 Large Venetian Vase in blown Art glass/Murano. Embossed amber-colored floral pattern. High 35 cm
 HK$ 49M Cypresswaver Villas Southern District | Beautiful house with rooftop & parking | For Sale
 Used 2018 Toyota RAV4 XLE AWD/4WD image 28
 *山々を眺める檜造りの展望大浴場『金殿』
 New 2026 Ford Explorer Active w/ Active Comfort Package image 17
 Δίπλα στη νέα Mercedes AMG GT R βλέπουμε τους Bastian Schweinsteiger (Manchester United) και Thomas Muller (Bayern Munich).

---

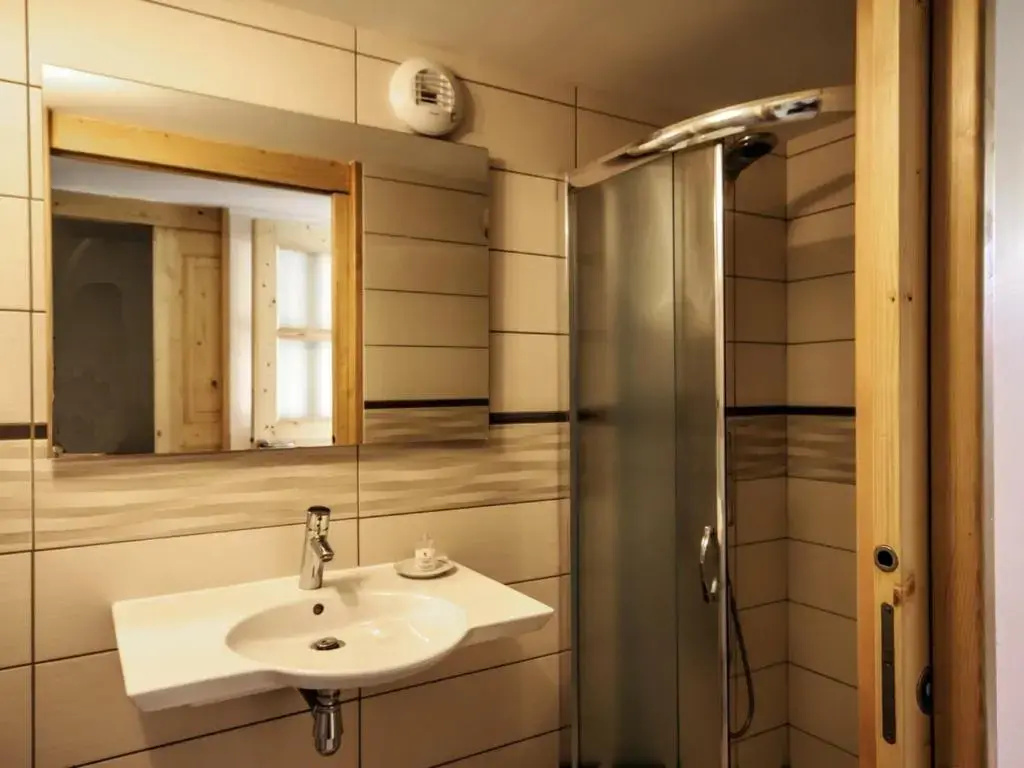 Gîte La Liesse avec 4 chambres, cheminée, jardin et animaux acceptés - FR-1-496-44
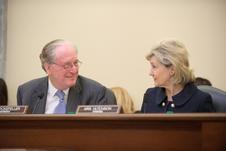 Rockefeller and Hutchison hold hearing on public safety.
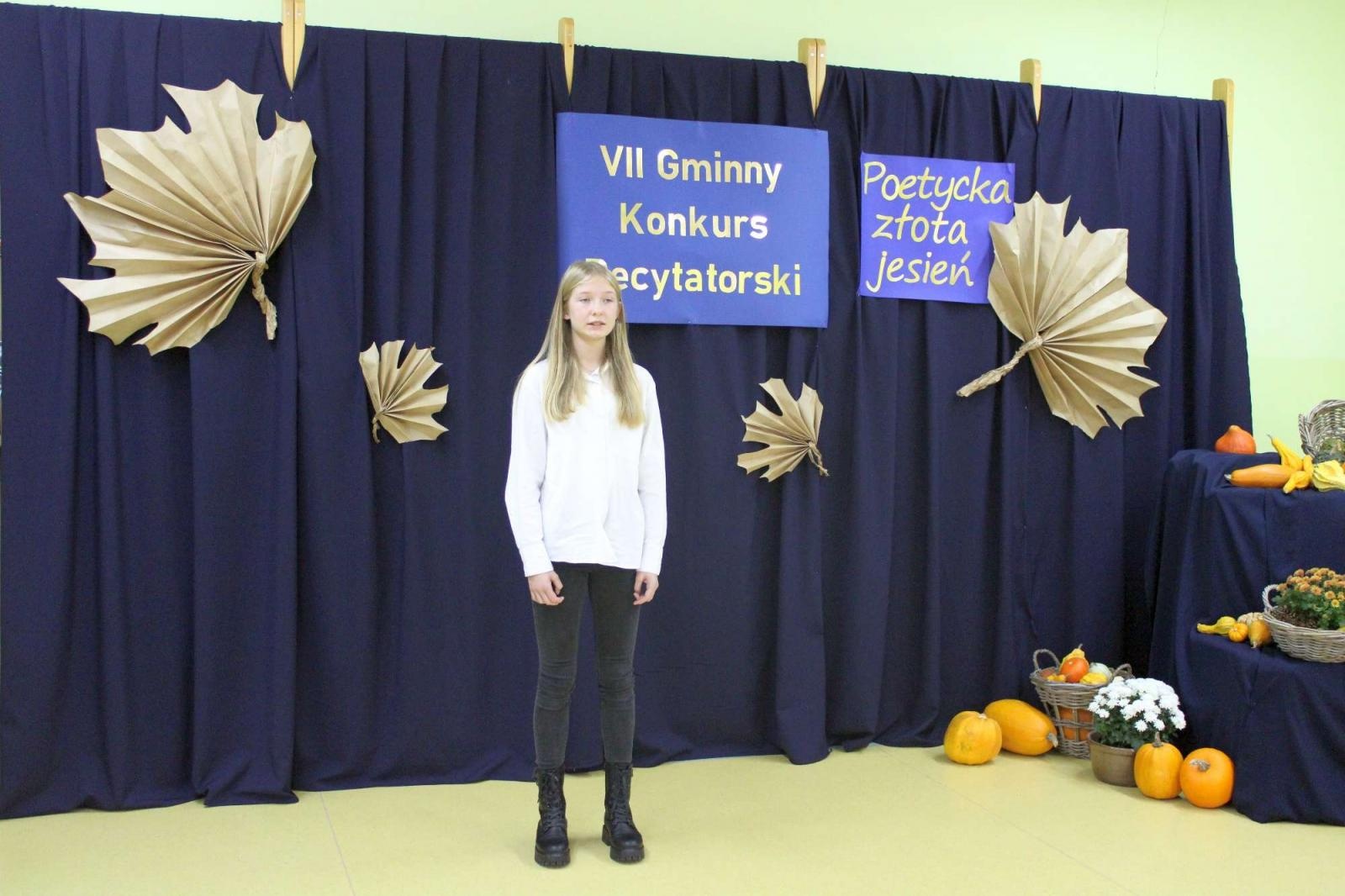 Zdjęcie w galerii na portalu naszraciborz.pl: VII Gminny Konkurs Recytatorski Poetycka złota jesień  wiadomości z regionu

> **Required action**
Above are the records; copy exactly the lines from the line with "HK$ 49M Cypresswaver" through the line with "Δίπλα στη νέα", both included.

> **Written answer**
 HK$ 49M Cypresswaver Villas Southern District | Beautiful house with rooftop & parking | For Sale
 Used 2018 Toyota RAV4 XLE AWD/4WD image 28
 *山々を眺める檜造りの展望大浴場『金殿』
 New 2026 Ford Explorer Active w/ Active Comfort Package image 17
 Δίπλα στη νέα Mercedes AMG GT R βλέπουμε τους Bastian Schweinsteiger (Manchester United) και Thomas Muller (Bayern Munich).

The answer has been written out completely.